▸ **DATA**:
■ ■ ■ ■

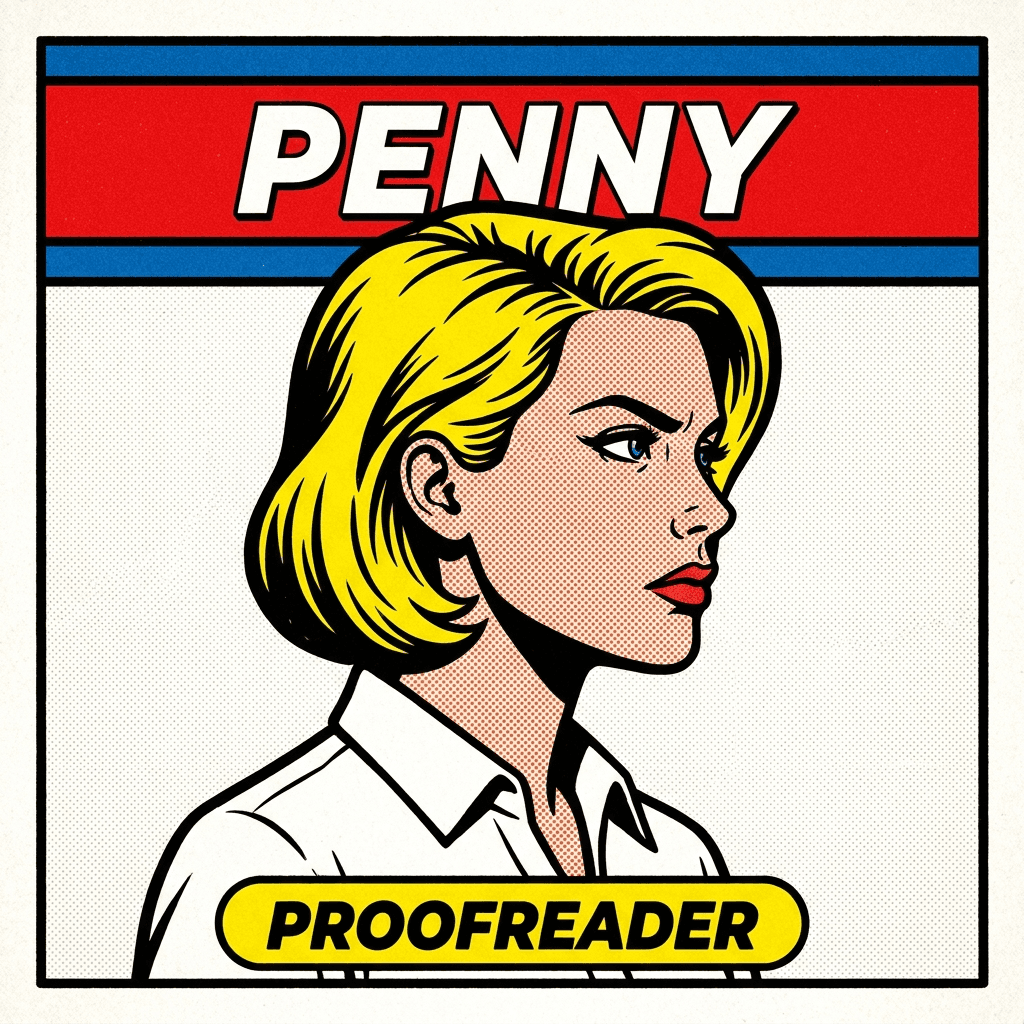 Pop-art portrait of Penny, the AI proofreader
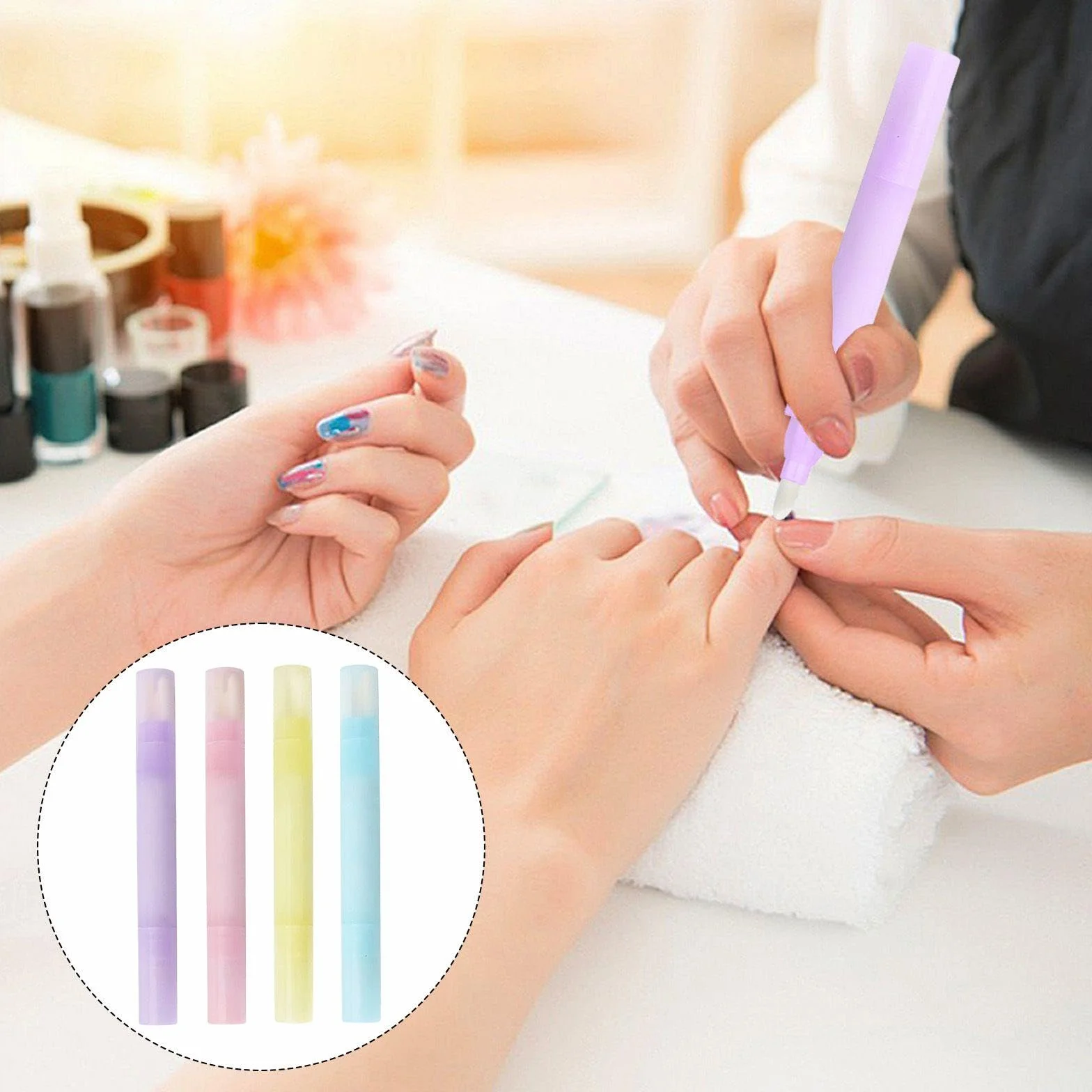 Penna Per Strumenti Per La Pulizia Delle Unghie Da 8 Pezzi, Penna Per La Correzione Dei Bordi Delle Unghie, Penna Per La Pulizia Dello Smalto Multifunzione, Strumento Per Nail Art.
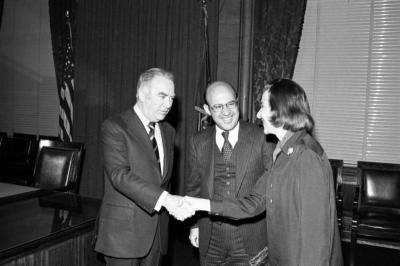 Governor Carey Congratulating Shirley Siegel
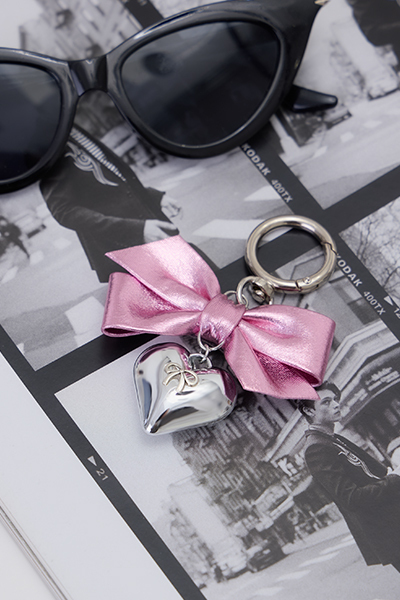 粉色愛心蝴蝶結鑰匙圈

■ ■ ■ ■

▸ **ASSIGNMENT**:
Leave the pictures out and retype only the lines from the line with "Governor Carey Congratulating Shirley Siegel" through the final line of the material, both ends included, word for word.

▸ **ANSWER SECTION**:
 Governor Carey Congratulating Shirley Siegel
 粉色愛心蝴蝶結鑰匙圈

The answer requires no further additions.